Il chercha d’autres voies pour connaître le sort de Charles. Il prenait cependant garde de n’être pas soupçonné de déviationnisme et ainsi risquer l’enfermement. Il lut chaque jour les journaux, espérant apprendre quelque chose, même s’il savait qu’une fois pris, les non collectifs (ils étaient ainsi dénommés par la population) n’étaient plus jamais évoqués dans les médias. Ceux-ci se conformaient strictement aux consignes données par le gouvernement et même si un journaliste apprenait quelque chose, dès l’instant où la personne avait été déclarée déviationniste, elle ne pouvait plus être évoquée. De même, la plupart des personnes sensées dès l’instant où elles comprenaient qu’il s’agissait de non collectifs se refusaient à en parler. Une sorte d’atonie s’emparait d’eux et ils gardaient les yeux dans le vague tant que leur interlocuteur évoquait l’individu. Néanmoins, il restait des traces de leur passage sur cette terre. Tout d’abord, il était possible de chercher dans les archives des journaux ce qu’avait fait la personne en question avant sa maladie. Cela permettait de se renseigner sur ses pôles d’intérêt, ses habitudes, ses passions, sa manière de vivre. On pouvait ainsi reconstituer ce qui avait marqué son passage sur terre et disposer d’une biographie, élémentaire certes, mais utile. On pouvait également visiter les lieux qu’elle avait fréquentés, sa maison, son école ou son université, son club de sport, éventuellement son église. Enfin, et c’était sans doute le plus précieux, on pouvait rencontrer les gens qu’elle avait côtoyés, à condition de n’évoquer aucune amitié ou même rapport avec elle. Il fallait donc recourir à des subterfuges tels qu’une recherche commerciale ou administrative, ou encore la volonté de réunir sur une même photo des camarades de classe ou tout autre prétexte futile.
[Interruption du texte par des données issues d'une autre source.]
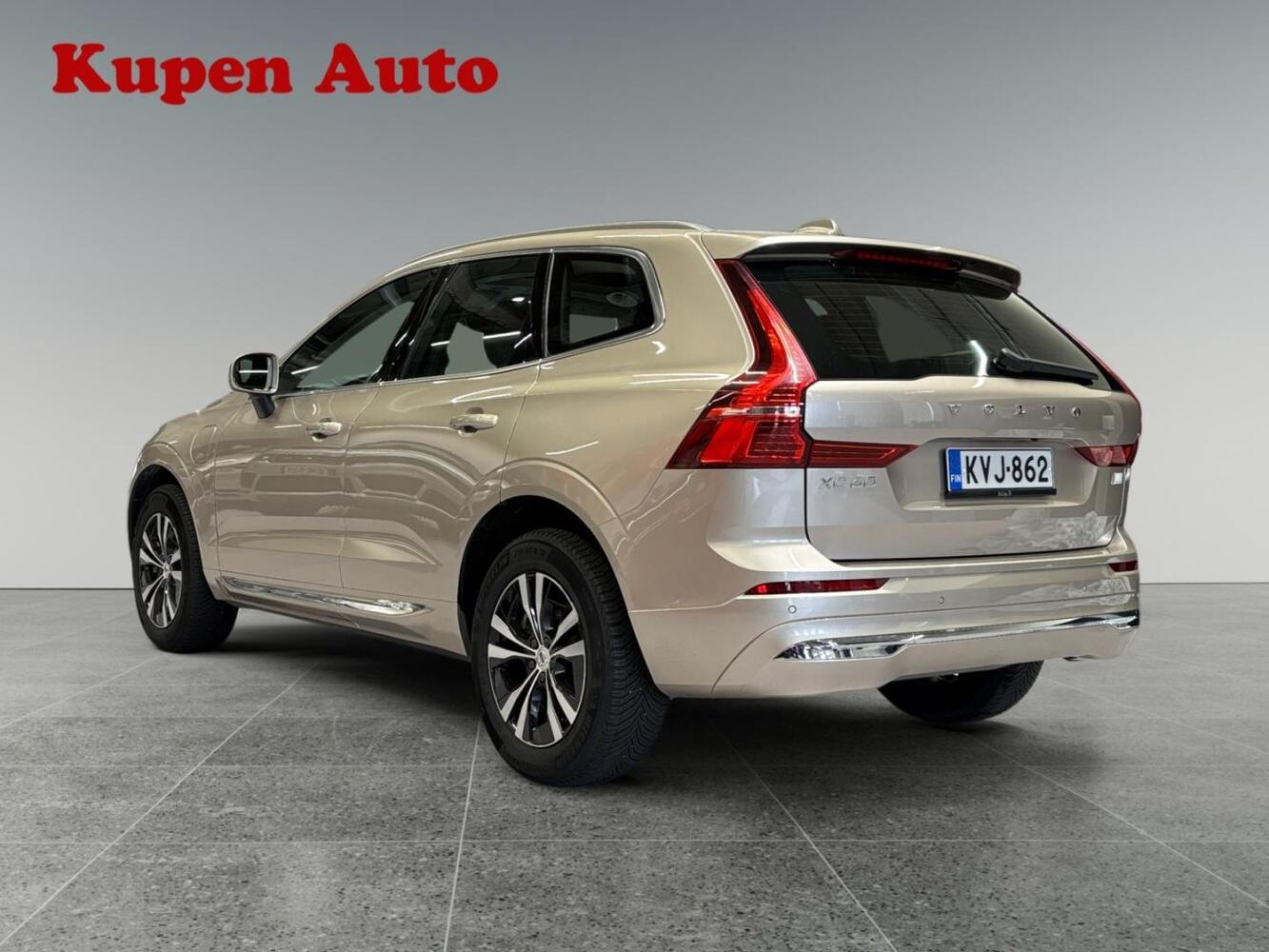 Volvo XC60 vaihtoauto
Toutes ces recherches restèrent vaines. Rien ne transparaissait de ce qu’était de venu Charles. Certes, il avait bien récolté quelques éléments de biographie : les quelques collèges où il avait suivi sa scolarité, le club d’échecs où il avait brillé, les voyages effectués à l’étranger. Mais rien de tout cela n’induisait sa manière de penser, ses habitudes intimes, ses rencontres improbables, ses lectures et tout ce qui pourrait lui donner des pistes. Rien. Rien de rien ne transparaissait dans tout cela. De même, les petites annonces mises dans certains journaux ne donnèrent rien. Aucune allusion à cette disparition. Tout se passait comme si Charles n’avait existé que dans l’imagination de quelques Parisiens frileux et déjà âgés. De sa vie récente, rien.